Records for this exercise →
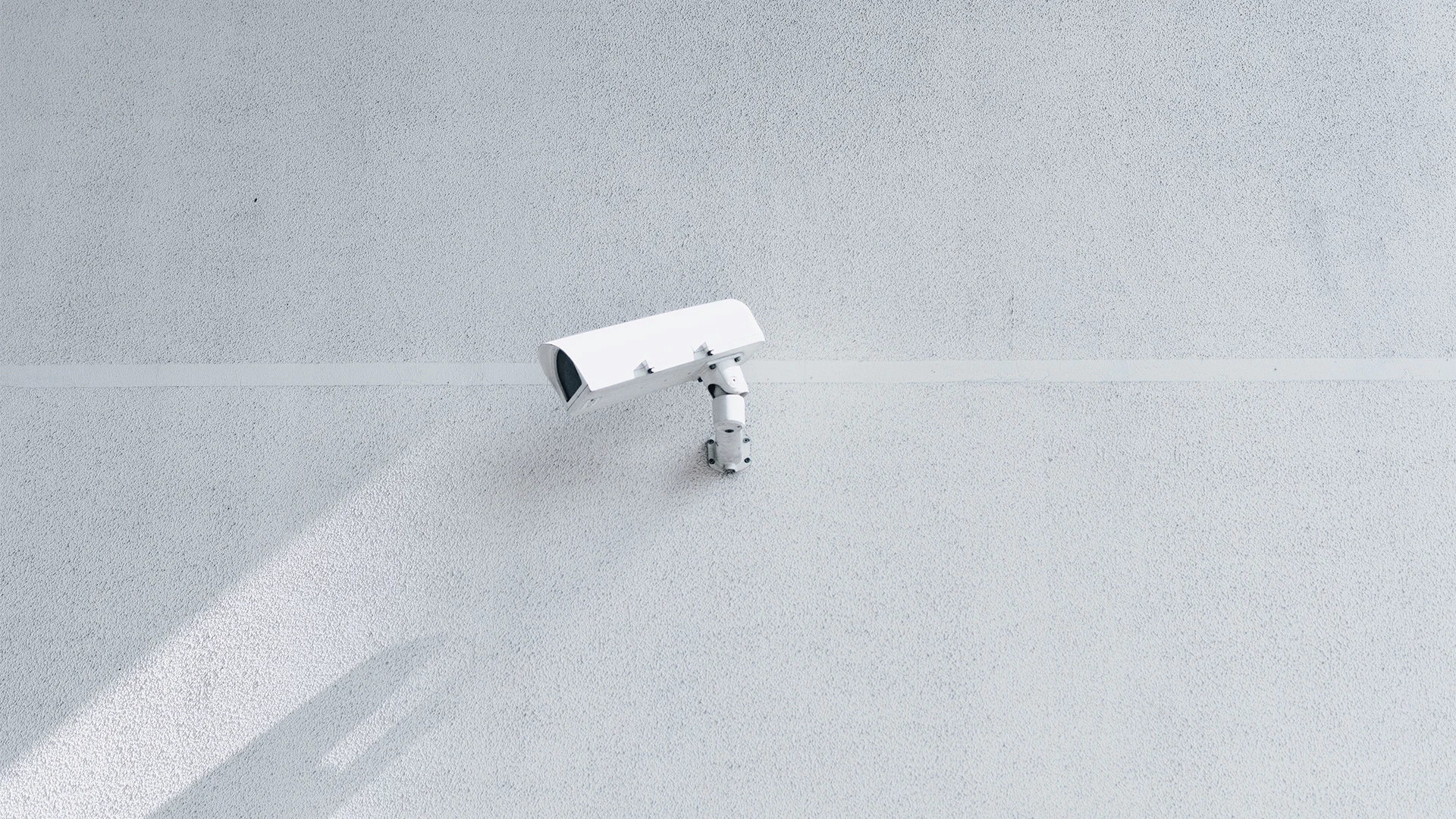 Image of a CCTV surveillance camera.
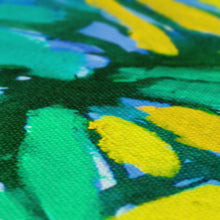 Load image into Gallery viewer, blue tropics Canvas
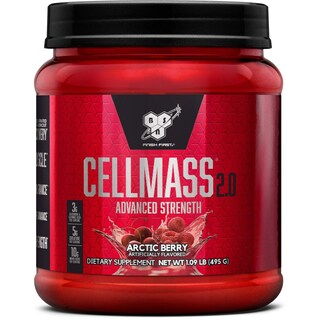 Foto 1 | Suplemento Bsn Cellmass 2.0 Arctic Berry Para La Recuperación Después Del Entrenamiento - Venta Internacional.
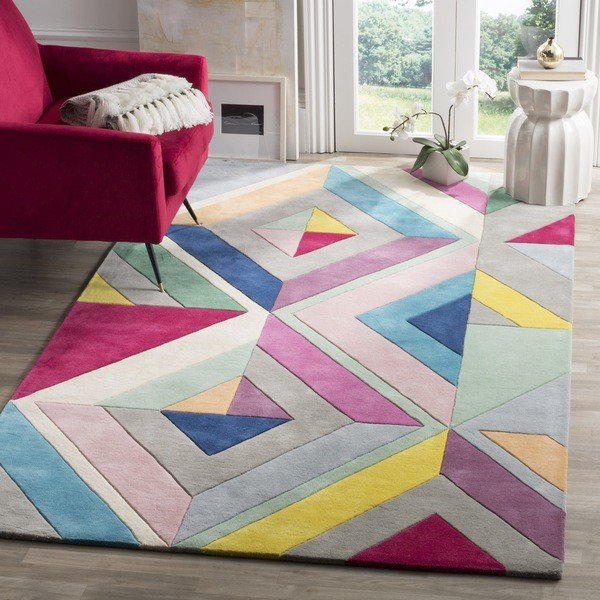 Safa Fifth Avenue Hand-Woven Rug (Pre-Order) [RG302]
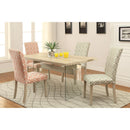 Acme Furniture Glassden Dining Table with Trestle Base 71905 IMAGE 1
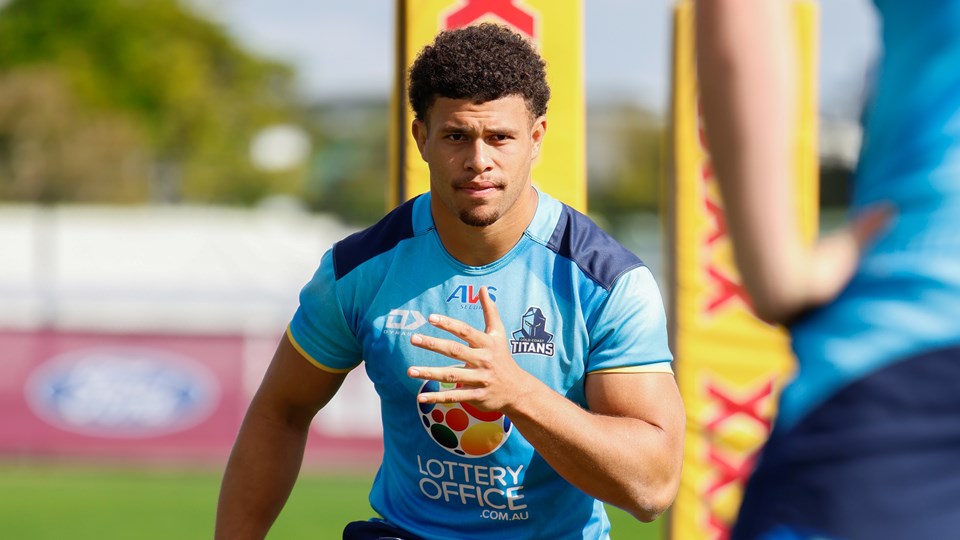 Taste of maroon gives Titans added energy for Storm showdown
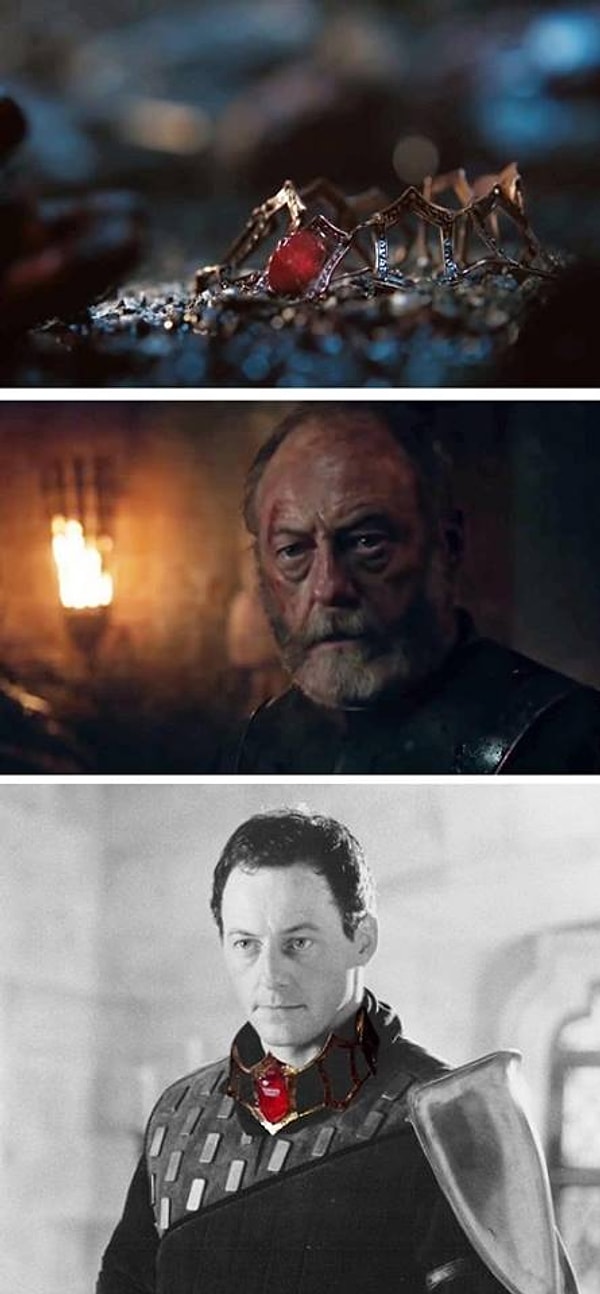 7. "Что вы все так смотрите на меня? Да не видел я никакого ожерелья" (Давос)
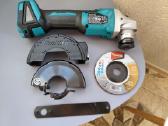 Makita Dga506 18v Bl Motor kampinis šlifuoklis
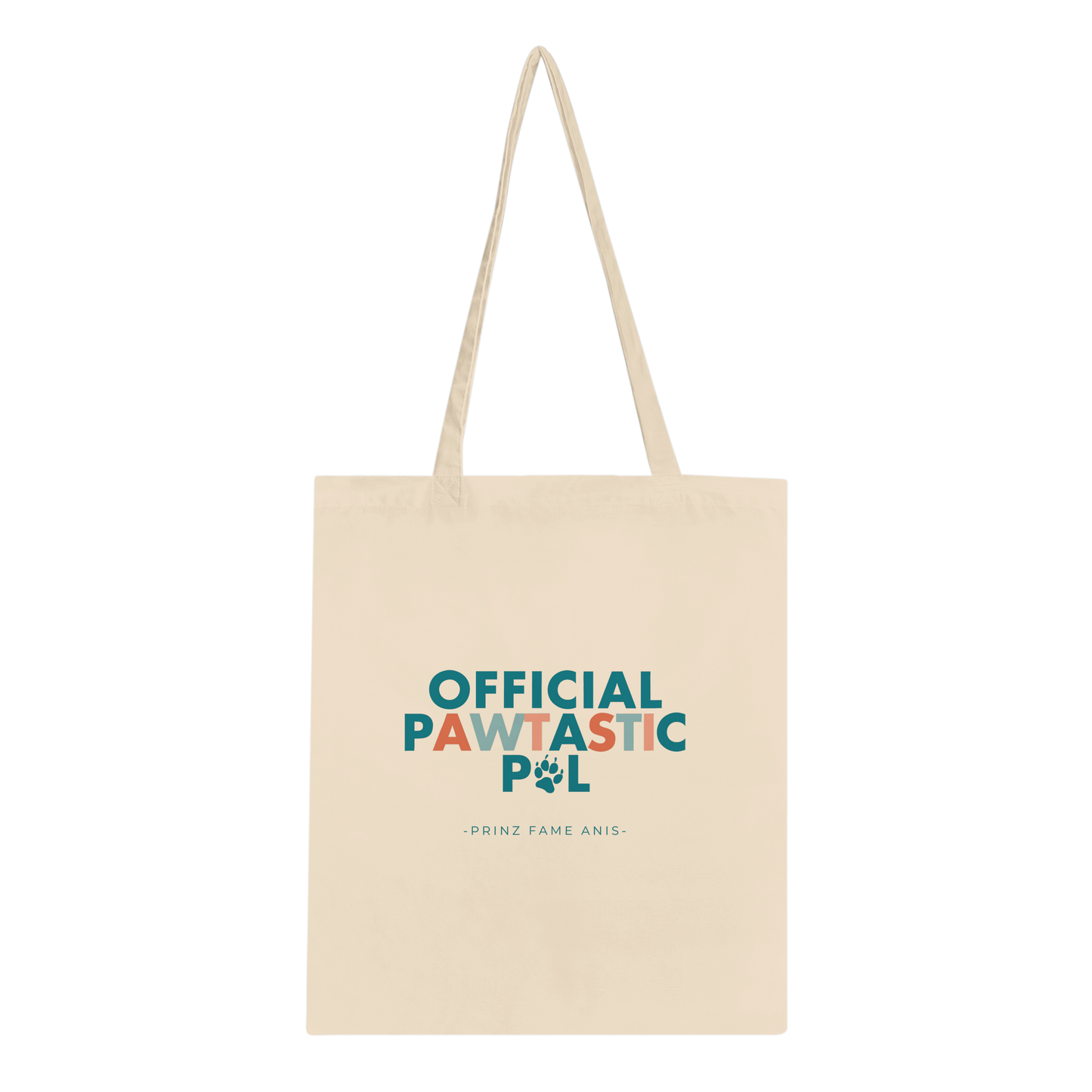 Paw Art By Prinz-Classic Tote Bag - Official Pawtastic Pal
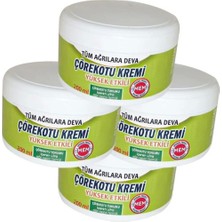 Corex Çörek Otu Kremi Green Box 4 Tane x 200 ml Gzyzf146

Problem →
Where images occur in the data above, leave them out and repeat everything else exactly.

Result →
 Image of a CCTV surveillance camera.
 Load image into Gallery viewer, blue tropics Canvas
 Foto 1 | Suplemento Bsn Cellmass 2.0 Arctic Berry Para La Recuperación Después Del Entrenamiento - Venta Internacional.
 Safa Fifth Avenue Hand-Woven Rug (Pre-Order) [RG302]
 Acme Furniture Glassden Dining Table with Trestle Base 71905 IMAGE 1
 Taste of maroon gives Titans added energy for Storm showdown
 7. "Что вы все так смотрите на меня? Да не видел я никакого ожерелья" (Давос)
 Makita Dga506 18v Bl Motor kampinis šlifuoklis
 Paw Art By Prinz-Classic Tote Bag - Official Pawtastic Pal
 Corex Çörek Otu Kremi Green Box 4 Tane x 200 ml Gzyzf146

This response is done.